Norumbega Connector Professional Reviews and Guides
"The hike up and over Norumbega is highly varied. The trail climbs steep granite bedrock, winds through an open scrub pine forest along the summit ridge, and descends through a red pine forest. The hike then winds back to the trailhead along Lower Hadlock Pond, a beautiful section of Hadlock Brook, and through a mixed evergreen forest.
There are fine views in every direction along the summit ridge, taking in a good portion of Mount Desert Island and the island-filled waters to the south. Norumbega’s summit is a long ridge that runs roughly north–south, covered with an open scrub pine forest. The trail winds over bare granite through the gnarled trees. The summit ridge tips gently to the south, making for a long, gradual descent."
--Greg Westrich, Hiking Maine: A Guide to the State's Greatest Hiking Adventures (Falcon Guides).

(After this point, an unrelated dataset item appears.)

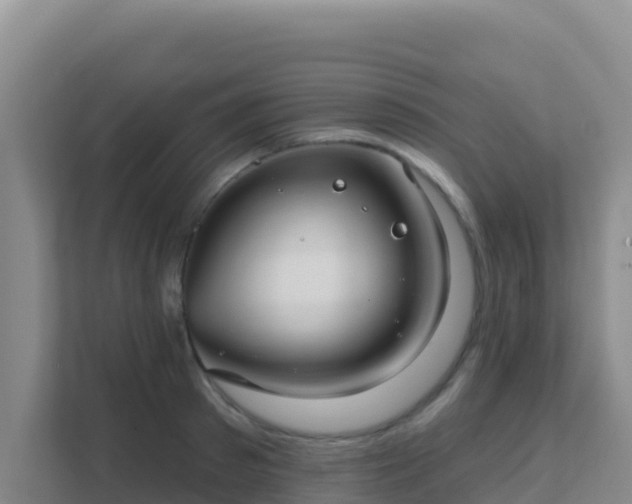 X0000111670897200907241210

"This loop, described counterclockwise, heads up the Goat Trail, since it’s better to ascend this short but steep trail at the start than descend it at the end. Walk down along the mountain’s ridge and loop back along the western shore of Lower Hadlock Pond. From 852-foot Norumbega Mountain you get views of Somes Sound close up and of Western Mountain in the distance.Norumbega Mountain parallels the eastern edge of Somes Sound, providing fine views of the waterway and mountains to the west. The toughest part of this hike is at the beginning on the Goat Trail, which definitely earns its name. First built around 1900, this trail brings you up 600 feet in elevation in 0.6 mile. It goes along boulders, open rock ledges, and some steep granite faces. Recent erosion control and rehabilitation by the Acadia trails crew on this stretch means you don’t have to be as goat-like to successfully navigate this trail."
--Dolores Kong & Dan Ring, Hiking Acadia National Park (Falcon Guides).
"Take a quick climb to good views of Somes Sound, followed by a visit to the quiet waters of scenic Lower Hadlock Pond."
--Jerry & Marcy Monkman, Discover Acadia National Park (Appalachian Mountain Club Books).